One of the main stumbling blocks to making biofuels is the cost of the feedstock. And feedstock frequently involves farmers farming.
For example, it is said that making an industrial-scale biofuel operation work requires feedstock that costs between $45 and $60/ton. Since farmers were making $100/ton for making hay, a $45/ton subsidy was put into place. This makes growing feedstock for cellulosic biofuels competitive with making hay—on the mainland.
But here in Hawai‘i, making hay costs $300 per ton, instead of the $100 per ton on the mainland. Farmers won’t do it for $100 per ton.
Who will pay the difference? If the biofuel is being used to make electricity, it will obviously be the rate payer.
Will oil prices rise so high that eventually the biofuel will be cost competitive? Farming inputs and logistic costs are fossil fuel related and rise as oil prices rise. This effect is called “the receding horizon.”
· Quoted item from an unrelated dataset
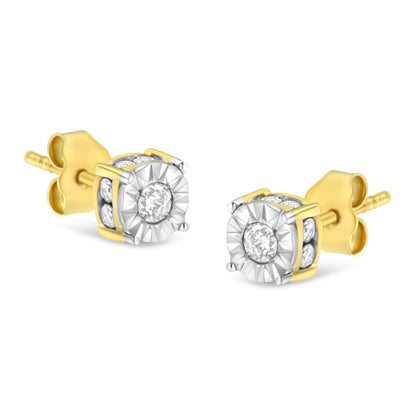Pair of yellow metal stud earrings with round white gemstones in miracle and channel settings, shown at an angled front view.
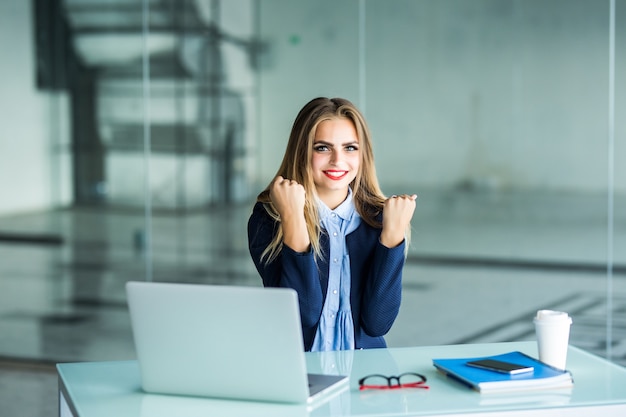 Emocionada empresaria ganando tras logro leyendo un teléfono inteligente sentado en un escritorio en la oficina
But when waste products are used as the feedstock, the economics change. A good example is Pacific Biodiesel, which uses waste cooking oil. If they asked farmers to grow extra virgin olive oil to make biofuel, obviously it wouldn’t work.
There is a limit as to what can be produced. That limit is the amount of used oil available.
The same is true of the oils potentially developed from the USDA’s Zero Waste project. Its biofuel production is limited to the waste that can be converted to making oil.
The advantage of using the waste stream is that the cost of the feedstock is very low. And in the case of the Zero Waste project, it supports food security for Hawai‘i.